THE RAILS TANGLED, the train rocked wildly, then a screech of brakes like glass scraping against sheet metal. The train stopped in Siberia’s capital, at Irkutsk station. It spent two days there.

The yellow-ochre, white-cornered station building stood barren in its accustomed spot. In front of it the stationmaster stood, stock still, watching the train arrive. The girl turned over on her side and was assaulted by disconnected memories and impressions, people she hadn’t seen in ten years. When she woke up she was wet with sweat.
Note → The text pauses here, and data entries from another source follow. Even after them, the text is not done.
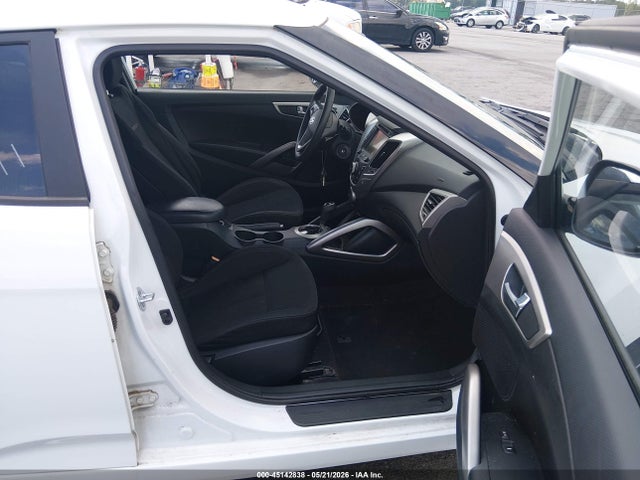 45142838 :رقم المزاد ، KMHTC6AD6GU256182 vin ، 2016 Hyundai Veloster مزاد بيع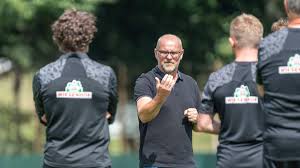 Vor dem aufeinandertreffen am sonntag haben eintracht frankfurts trainer adi hütter und mussten sich am freitag mit kommentaren aus frankfurt auseinandersetzen: Qzmz50q2ahw73m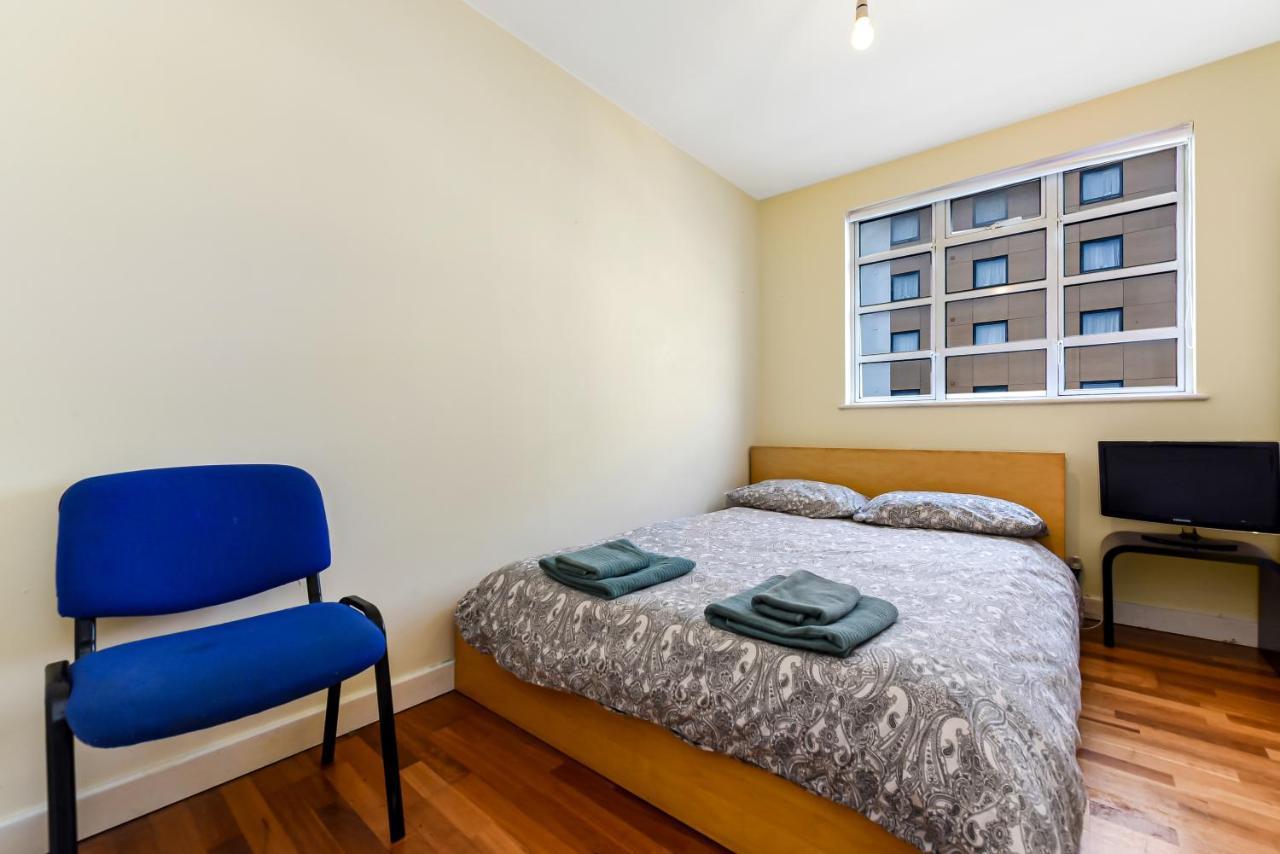 Spacious 2 Bedroom Apartment In Ealing Broadway ภายนอก รูปภาพ
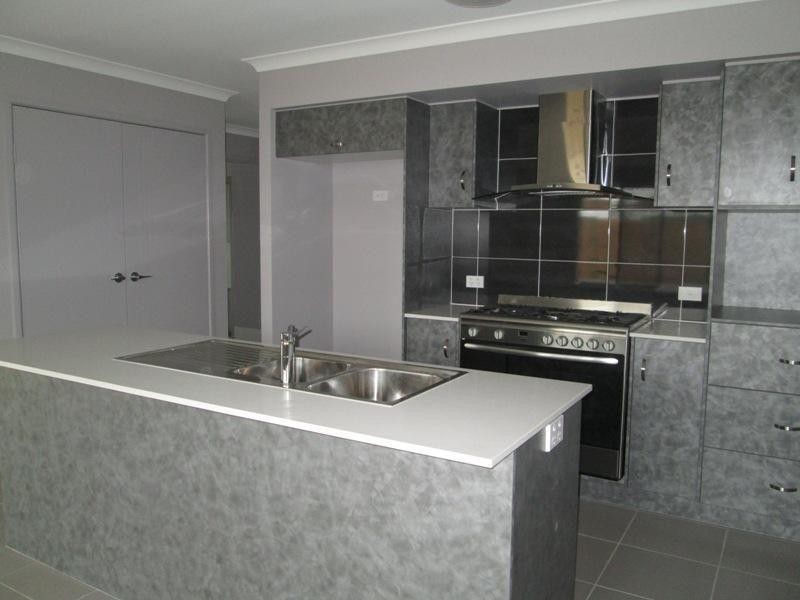 38 Woodlands Drive, Southside QLD 4570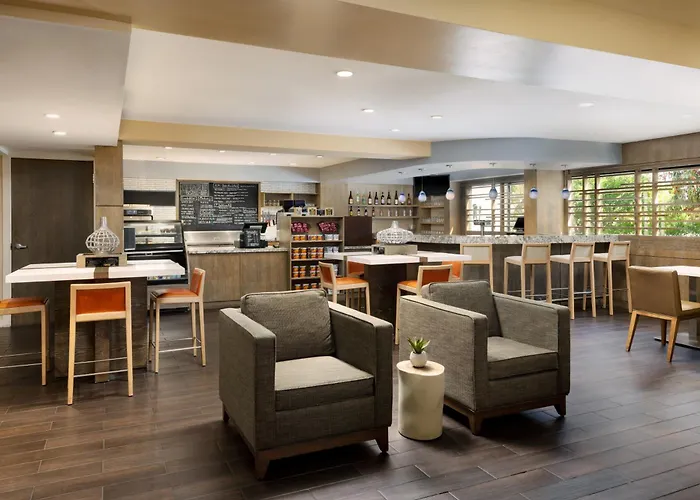 Calabasas Dog Friendly Lodging and Hotels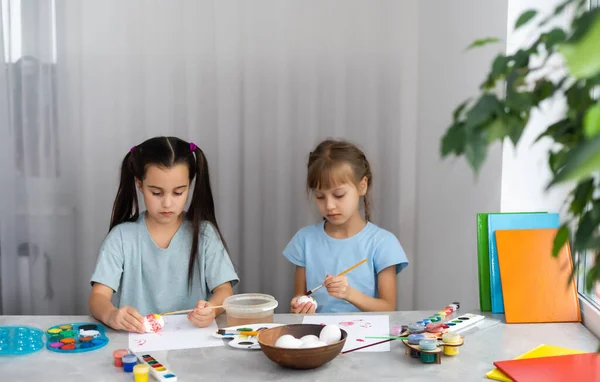 Duas meninas com pintura escova na mesa, educação, aquarela, desenho, conceito de criatividade. — Fotografia de Stock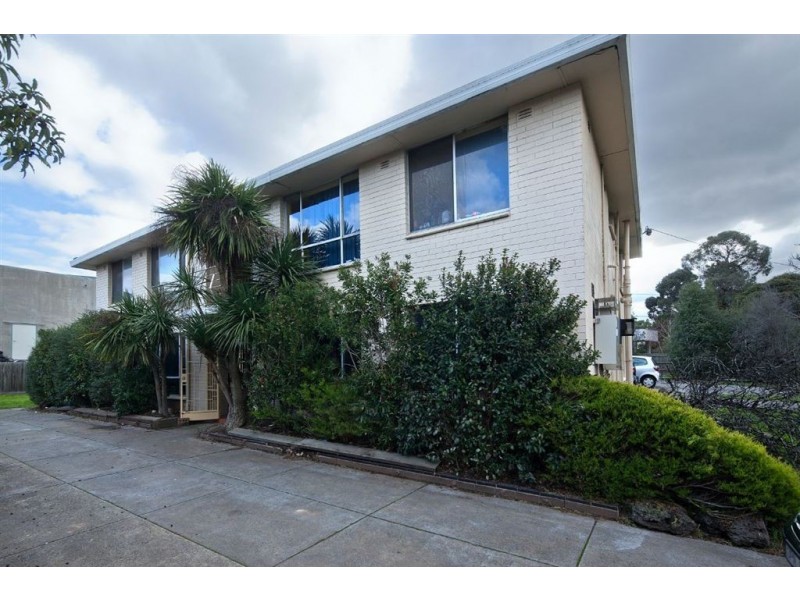 2/14 Bettina Street, Clayton VIC 3168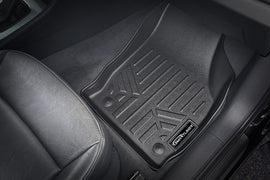 SMARTLINER Custom Fit All Weather Protection Black 2 Row Floor Liners Compatible With 2015-2018 Audi Q3 (SA0365/B0365)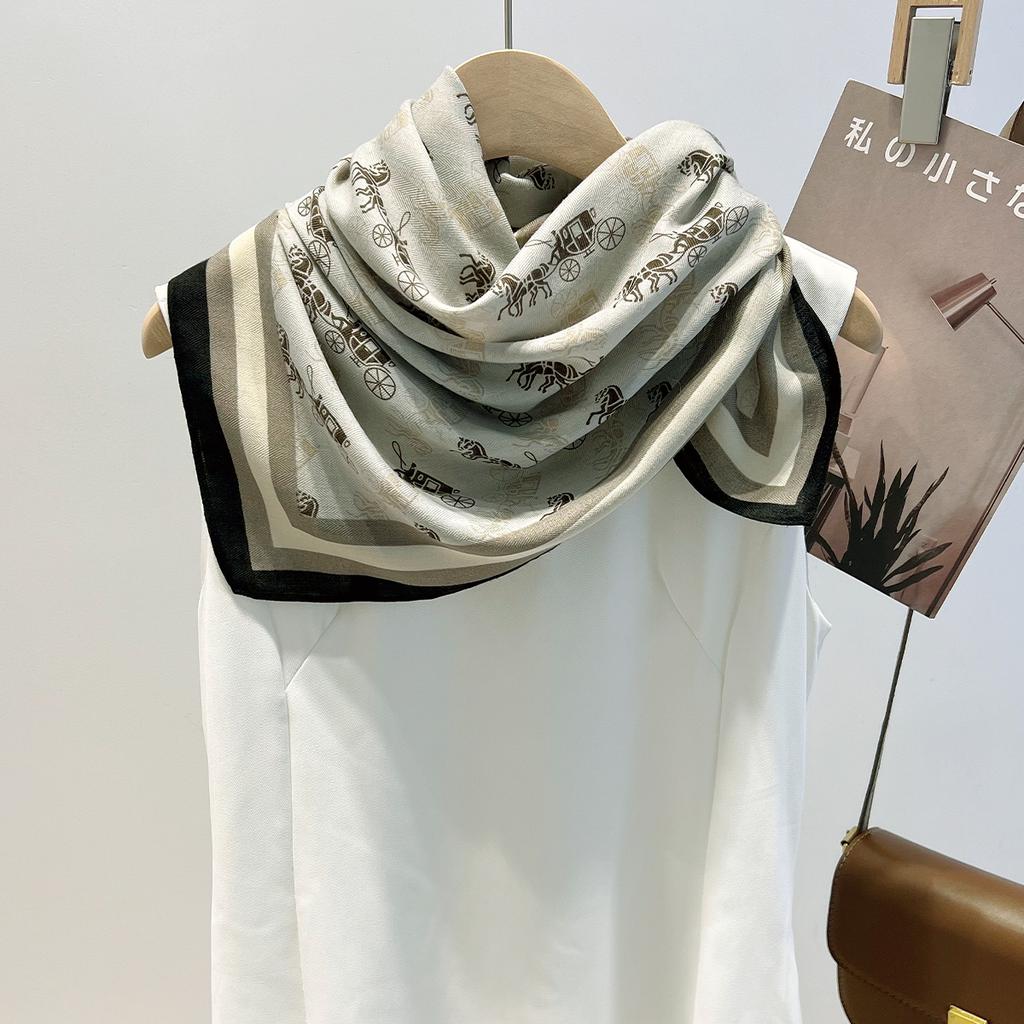 Retro light luxury high-end carriage cotton and linen scarf, spring and autumn new 71cm small square scarf, foreign-style decorative versatile scarf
The man looked at her compassionately and it felt good to her.

‘Another person’s soul is a dark chasm,’ he said quietly. ‘But let the soul be. Let’s go hunting. Hunting for food!’

She dressed quickly, he slowly, with a sort of dignity. He put on an old greenish suit coat, buttoned it tightly, combed his hair back like a dandy. Last, he pulled his shoes out from under his bunk. They were some kind of fur-lined, sturdily made army boots with split tops and hard-edged heels.

They were met on the platform by a mild spring chill, silent snowflakes, and an old dog with a large femur dangling from its mouth, its tail wagging.

It was warm and dry inside the station. Glum travellers loitered in the corners, drifters sat on wooden benches in heavy winter clothes. A quiet hum of talk trickled from the people on the benches. At one end of the station was a café with a round window in the far wall, the winter light pressing through it like raindrops into the samovar-steamed air.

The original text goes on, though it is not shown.